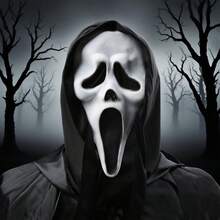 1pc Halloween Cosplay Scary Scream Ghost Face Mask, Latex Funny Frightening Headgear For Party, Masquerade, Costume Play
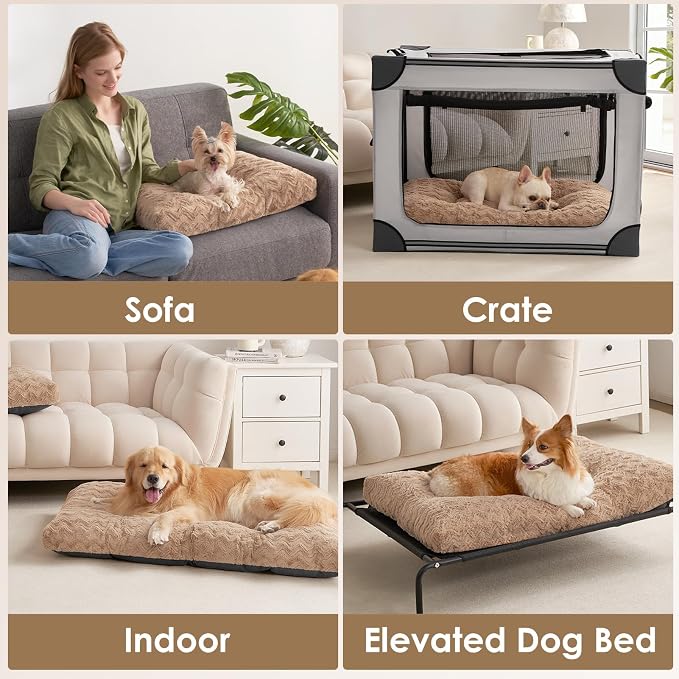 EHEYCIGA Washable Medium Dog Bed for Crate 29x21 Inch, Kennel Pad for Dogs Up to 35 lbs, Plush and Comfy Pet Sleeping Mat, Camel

* * * * *

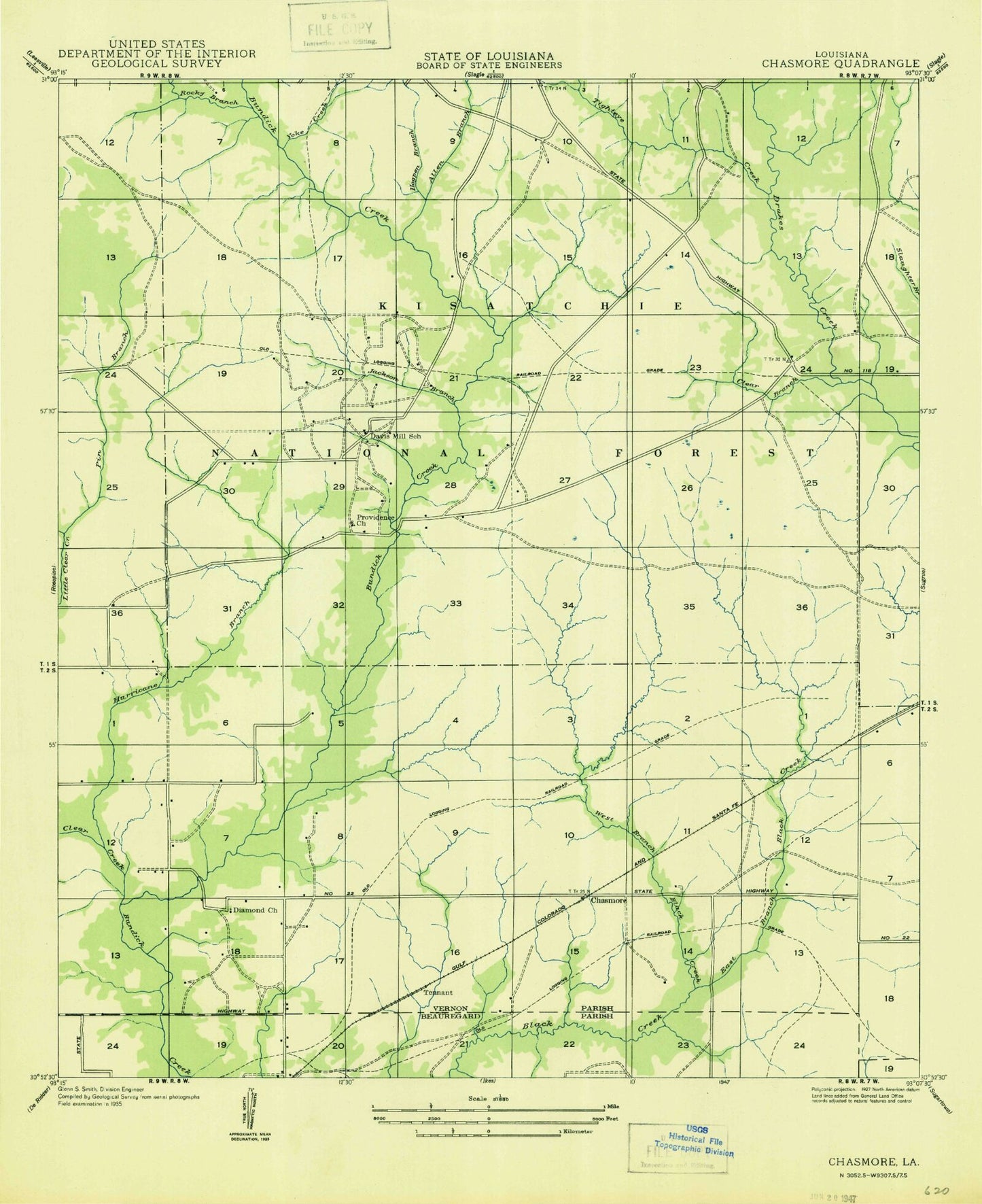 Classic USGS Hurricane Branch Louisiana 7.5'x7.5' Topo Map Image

* * * * *

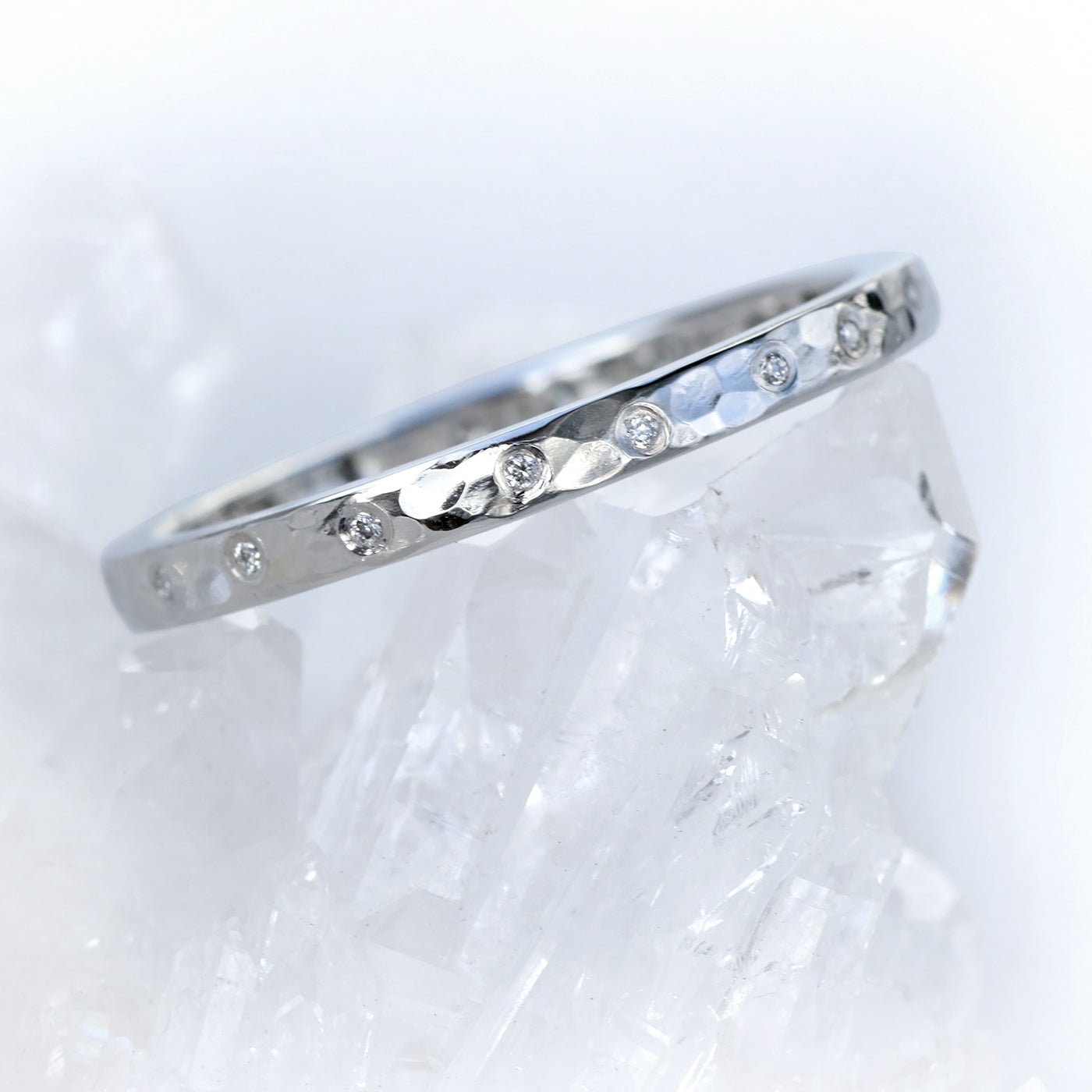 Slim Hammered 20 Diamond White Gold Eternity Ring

* * * * *

WHAT TO DO
Copy word for word only the lines above from the one with "1pc Halloween Cosplay" through the one with "EHEYCIGA Washable Medium". Leave pictures out.

EXERCISE SOLUTION
 1pc Halloween Cosplay Scary Scream Ghost Face Mask, Latex Funny Frightening Headgear For Party, Masquerade, Costume Play
 EHEYCIGA Washable Medium Dog Bed for Crate 29x21 Inch, Kennel Pad for Dogs Up to 35 lbs, Plush and Comfy Pet Sleeping Mat, Camel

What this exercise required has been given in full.